Health Insurance

Health insurance, also known as health coverage, covers a substantial fraction of medical expenses in the event of a sickness or injury.

What is It?

Health coverage is an agreement where a buyer pays monthly premiums in exchange for less out-of-pocket cost to receive general and specialized care.

Who is it For?

Health coverage is advertised for everyone. Those proving insufficient income are eligible for government help that make premium and other insurance payments more affordable.

How it Works

Besides monthly premiums, other expenses are listed below:

•Deductible that must be paid before insurance reimbursement is activated.
•Copays and coinsurance stated as a dollar amount or percentage of above-deductible medical expenses.
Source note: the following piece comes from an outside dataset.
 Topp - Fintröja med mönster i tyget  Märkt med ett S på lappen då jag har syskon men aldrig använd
Assume coverage with a $10,000 deductible and 20 percent copay. An illness that costs $65,000 to cure breaks down as follows:

•$10,000 deductible that is entirely the insurance buyer’s responsibility
•20 percent of the remaining $55,000 healthcare costs are $11,000.
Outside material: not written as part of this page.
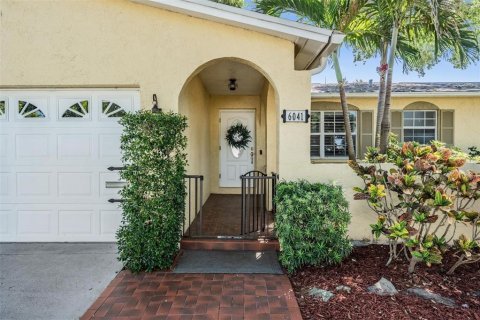 House in Saint Petersburg, Florida 3 bedrooms, 159.61 sq.m. № 1666397 - photo 3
Excluding premiums, out-of-pocket expense would be $22,000.

Different Types of Coverage in Existence

“Low cost” options give lower premiums in exchange for larger out-of-pocket expenses in the event of a claim. Conversely, larger monthly payments correspond to much greater extent of coverage. In the above example, if the deductible had been $2,000 and the copay 10 percent, the buyer’s total obligation on a $65,000 bill would be $8,300 instead of $22,000.

Major Benefits

The benefit of health coverage is that the large cost of unexpected sickness and injury is blunted by insurance reimbursement. Even a small percentage difference in copays or a relatively small difference in deductibles can result in major savings in the event of a high-cost medical crisis.


Health coverage is important and most necessary precisely when it is most difficult to obtain. The cost of premiums and, in the event of a claim, deductibles, and copays, are offset by the fact that most of the total cost of quality care is handled by the insurer instead of becoming an ongoing burden for a sick individual.